When your house cat trots outside for a neighborhood stroll, it doesn’t end well for birds, bunnies, squirrels and other wildlife. And now, thanks to a new study, we know how much damage our feline friends can do.
In fact, they kill even more prey than wild predators similar in size to cats, and they don’t have to go far to do it. The average range for pet cats allowed outside is about 328 feet from the house they live in.
“We found that house cats have a two- to 10-times larger impact on wildlife than wild predators – a striking effect,” said Roland Kays, lead study author and zoologist at the North Carolina Museum of Natural Sciences.
To track the behavior of house cats who were allowed to go outside, 925 cats across six countries were fitted with unobtrusive GPS devices. Scientists and citizen scientists used the data to track how far the cats ranged, as well as any prey they captured and brought home across rural and urban areas in the US, the UK, Australia and New Zealand.
The study published Wednesday in the journal Animal Conservation.
“Since they are fed cat food, pets kill fewer prey per day then wild predators, but their home ranges were so small that this effect on local prey ends up getting really concentrated,” Kays said. “Add to this the unnaturally high density of pet cats in some areas, and the risk to bird and small mammal population gets even worse.”
The study did not include feral cats.
On average, the study found that house cats killed anywhere between 14.2 to 38.9 prey per 100 acres, per year. That averages out to about 3.5 prey each month per cat. The researchers believe this large number is due to the fact that neighborhoods can include a high density of cats – more so than wild predators living in the wild.
“We knew cats were killing lots of animals – some estimates show that cats in North America kill from 10 to 30 billion wildlife animals per year – but we didn’t know the area in which that was happening, or how this compared with what we see in nature,” Kays said.
Much of the damage occurred in areas that already disrupt wildlife. This includes housing developments, because they disturb natural habitats.
And cats weren’t deterred from their ranging based on other predators, like coyotes, in the areas they lived.
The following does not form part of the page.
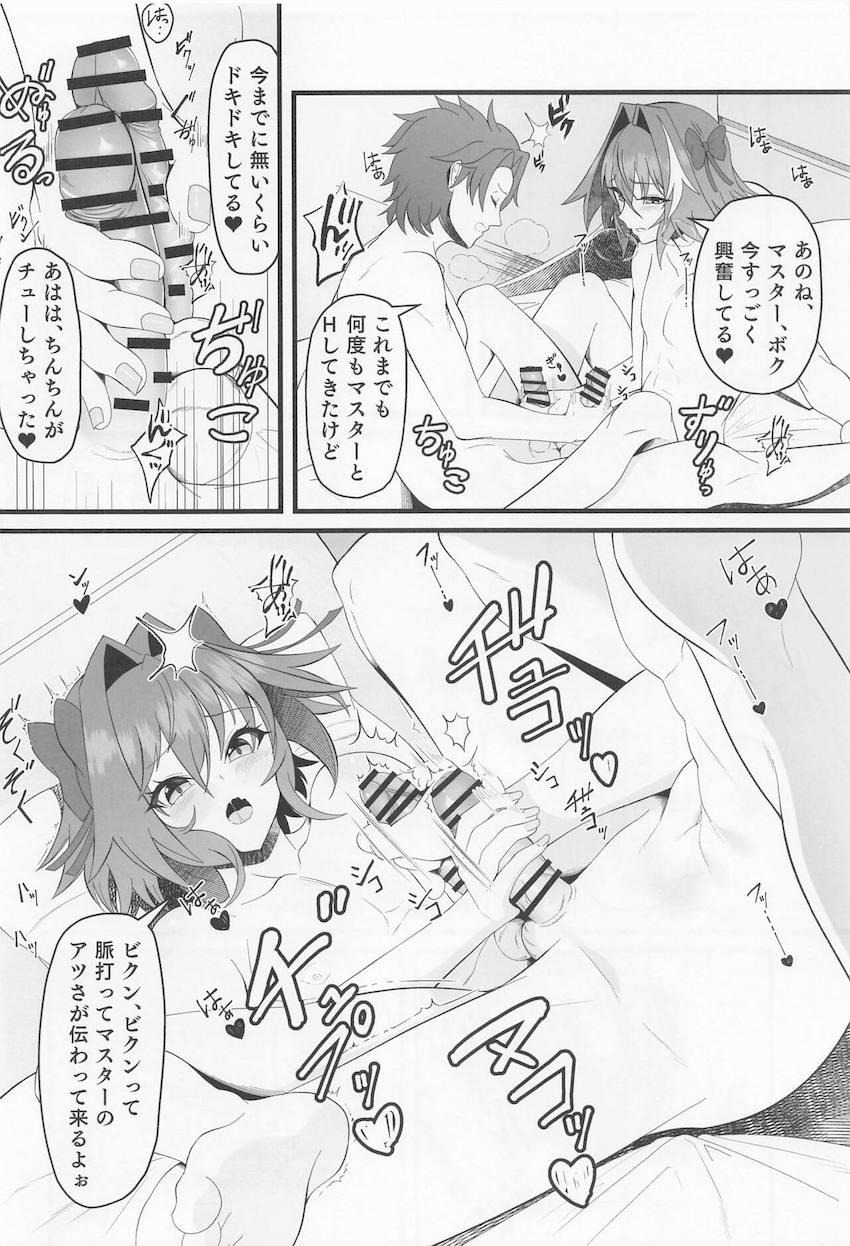 アストルフォとマスターのイグイグ連続絶頂ケツマンコSEX！ <> 011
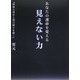 あなたの運命を変える見えない力 [単行本]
“As a result, pet cats around the world have an ecological impact greater than native predators but concentrated within about 100 meters of their homes,” the authors wrote in the study.
The authors also noted that it’s difficult to tell which native species might persist or recolonize urban areas if domestic cats weren’t around.
The study cited that domestic cats are one of the most abundant carnivores on Earth, accounting for up to 600 million pet cats around the world. And that can spell doom for native species. On the bright side, this doesn’t impact species living in larger protected areas, because the cats were killing prey in urban and suburban habitats.
Some of the native species found at risk in the study included Brushtail possums in South Australia, as well as endangered rodents and rabbits in North America. This is because domestic cats are opportunistic hunters who pursue small mammals that they can easily catch and kill.
Keeping cats indoors could prevent the impact on wildlife, the researchers said.
“Because the negative impact of cats is so local, we create a situation in which the positive aspects of wildlife, be they the songs of birds or the beneficial effects of lizards on pests, are least common where we would appreciate them most,” said Rob Dunn, study co-author and William Neal Reynolds Distinguished Professor of Applied Ecology at North Carolina State University.
“Humans find joy in biodiversity, but we have, by letting cats go outdoors, unwittingly engineered a world in which such joys are ever harder to experience.”